The German government cautioned against high expectations ahead of the conference and underlined that a single meeting could not end the conflict, but would be the beginning of a political process under the auspices of the United Nations.
Merkel’s spokesman Steffen Seibert confirmed on Friday that both Libya’s Prime Minister Fayez al-Sarraj and the eastern-based commander Khalifa Haftar accepted invitations for the conference.
- World leaders to attend
Turkish President Recep Tayyip Erdogan and Russian President Vladimir Putin, who brokered a cease-fire last weekend between the warring parties after months long clashes, already announced that they would attend the conference in Berlin.
French President Emmanuel Macron, British Prime Minister Boris Johnson and Italian Prime Minister Giuseppe Conte also confirmed their attendance.
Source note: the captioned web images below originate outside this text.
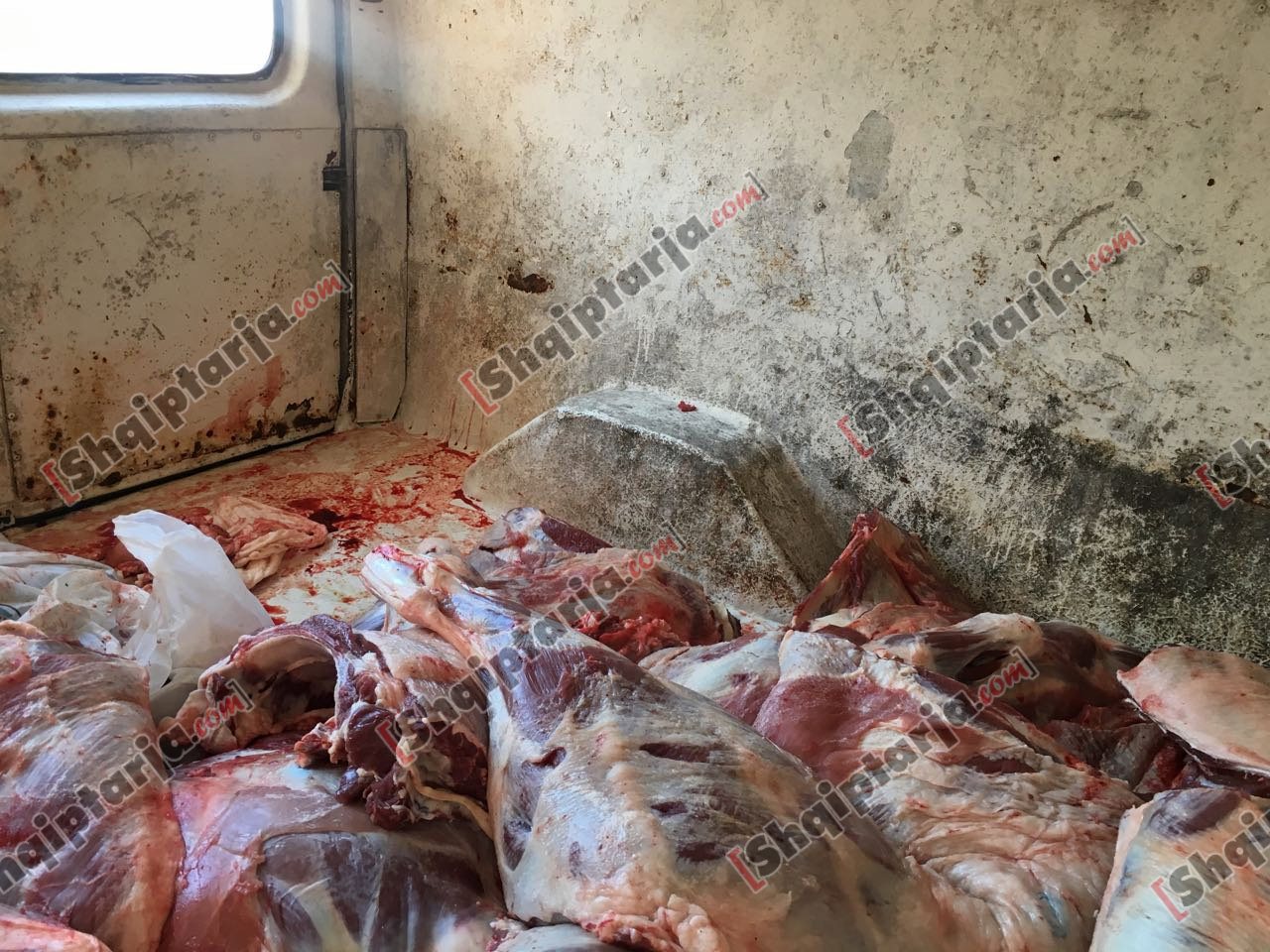 VIDEO/ Mishi transportohet si në Afganistan, pamje skandaloze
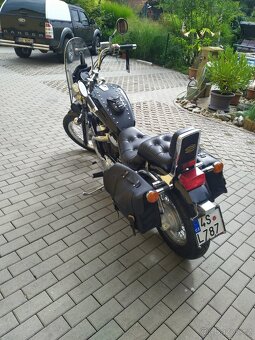 Intruder VS800GLP - 2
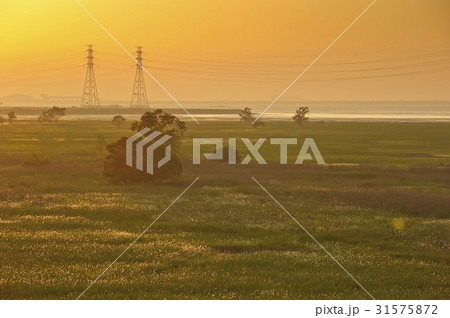 送電塔 草原 太陽 31575872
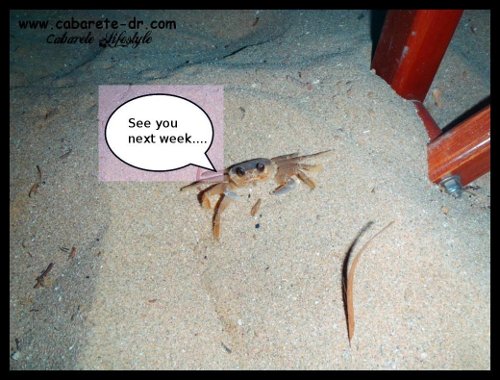 crabe cabarete lifestyle 1.JPG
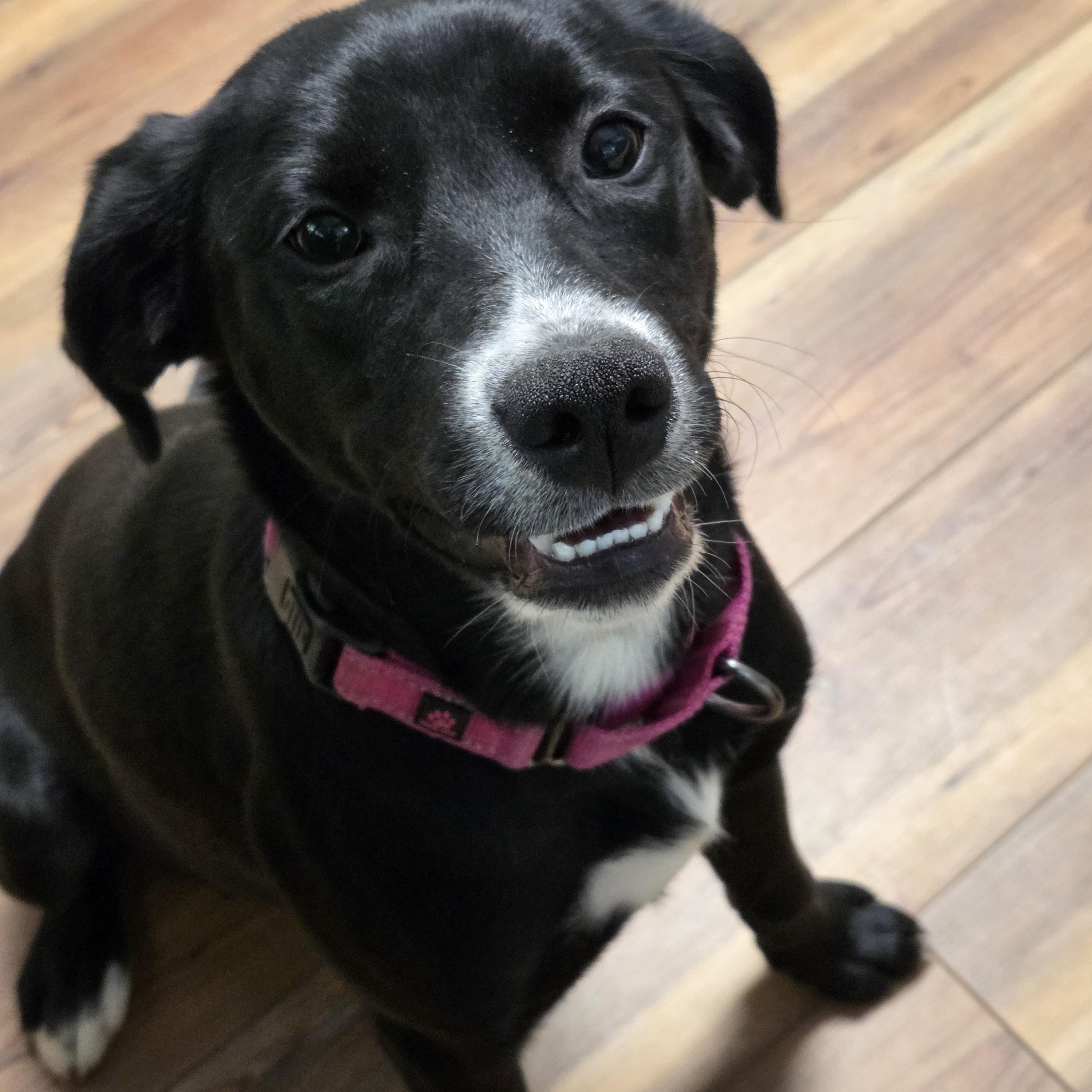 Ebbie, adopted, Young Female Labrador Retriever.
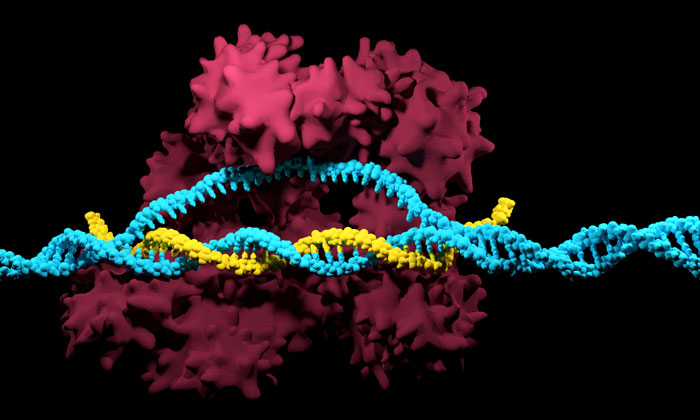 CRISPR-Cas9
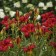 Photo Courtesy of Walter's Gardens, Inc.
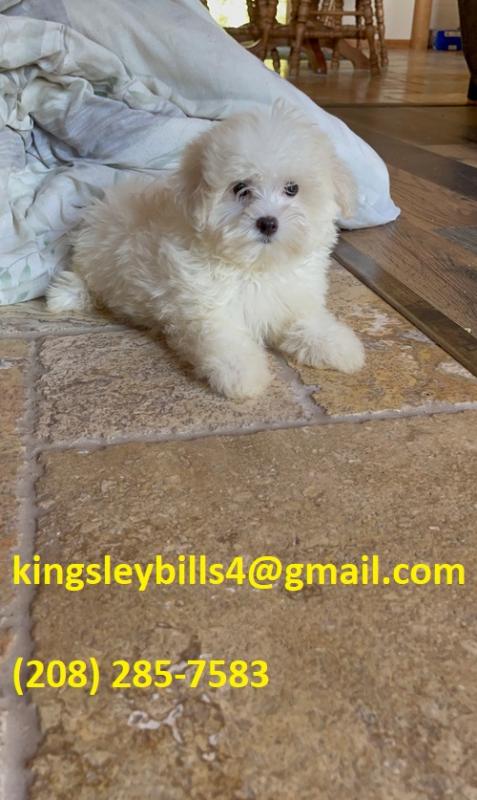 Males plus one female Maltese Image eClassifieds4u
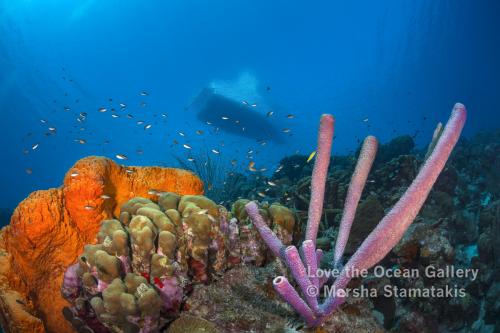 Bonaire Reef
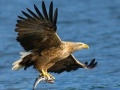 Gêm Slithro Aves Cadwyn ar-lein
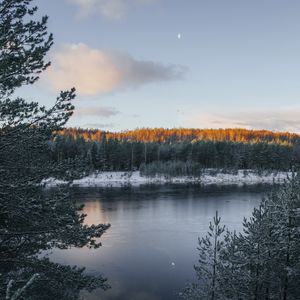 Превью обои озеро, зима, снег, иней, зимний пейзаж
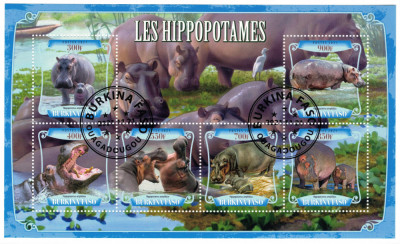 BURKINA FASO 2021 - Hipopotami/ colita+bloc foto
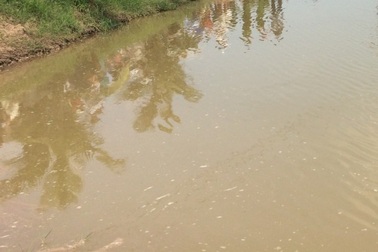 Kẻ trộm đánh chủ vuông tôm tử vong vì bị bắt quả tang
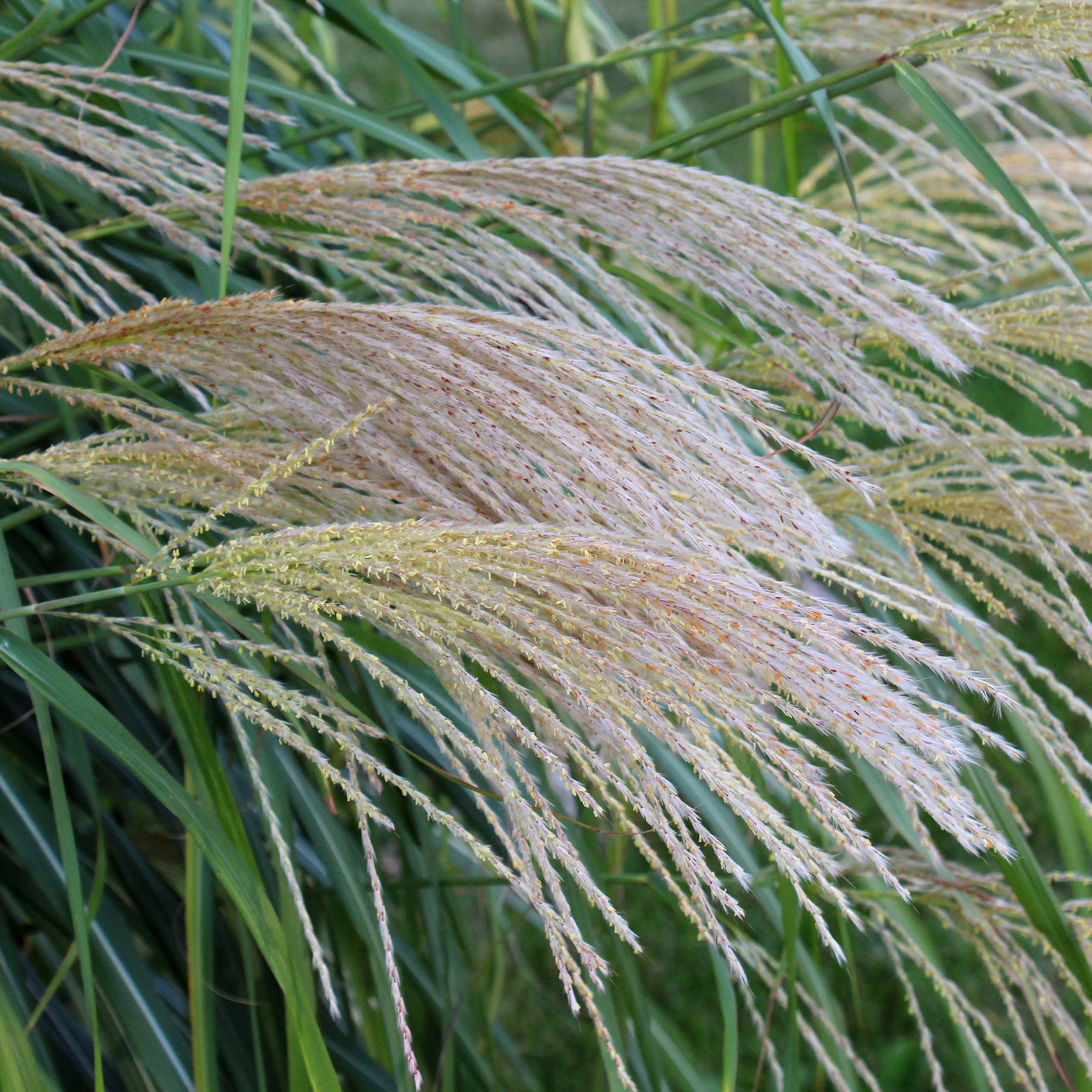 Vente Eulalie Gracillimus - Miscanthus sinensis gracillimus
The U.S. administration announced that Secretary of State Mike Pompeo would travel to Berlin for the conference and would push for a cease-fire and return to UN-facilitated talks for a political solution.
Top officials from Egypt and United Arab Emirates, main supporters of the Libya’s renegade commander Haftar, will also to take part in the conference.
Algeria’s President Abdelmadjid Tebboune, and Republic of Congo’s President Denis Sassou Nguesso, who chairs the African Union's High-Level Committee on Libya, were also invited.
- Germany’s priorities
Ahead of the conference, German Chancellor Merkel urged regional actors to support the cease-fire and respect the UN arms embargo on Libya.
“At the Libya conference, we must achieve above all that the weapons embargo will be implemented […] it was already agreed within the UN framework, but so far not adhered to,” she told a press conference on Thursday.
Haftar’s forces, which received backing from Egypt and the United Arab Emirates, began a major military offensive in April last year to capture Tripoli from the UN-recognized Government of National Accord (GNA), drawing international condemnation.
According to the UN, more than 1,000 people have been killed since the start of the offensive and over 5,000 others injured.
-Fragile cease-fire since Sunday
On Jan. 12, the warring sides of the Libyan conflict announced a cease-fire in response to a joint call by Turkish and Russian leaders.
But talks for a permanent cease-fire deal ended without an agreement on Monday after Libyan warlord Khalifa Haftar left Moscow without signing the deal.
Since the ouster of late ruler Muammar Gaddafi in 2011, two seats of power have emerged in Libya: one in eastern Libya supported mainly by Egypt and the UAE, and the other in Tripoli, which enjoys the UN and international recognition.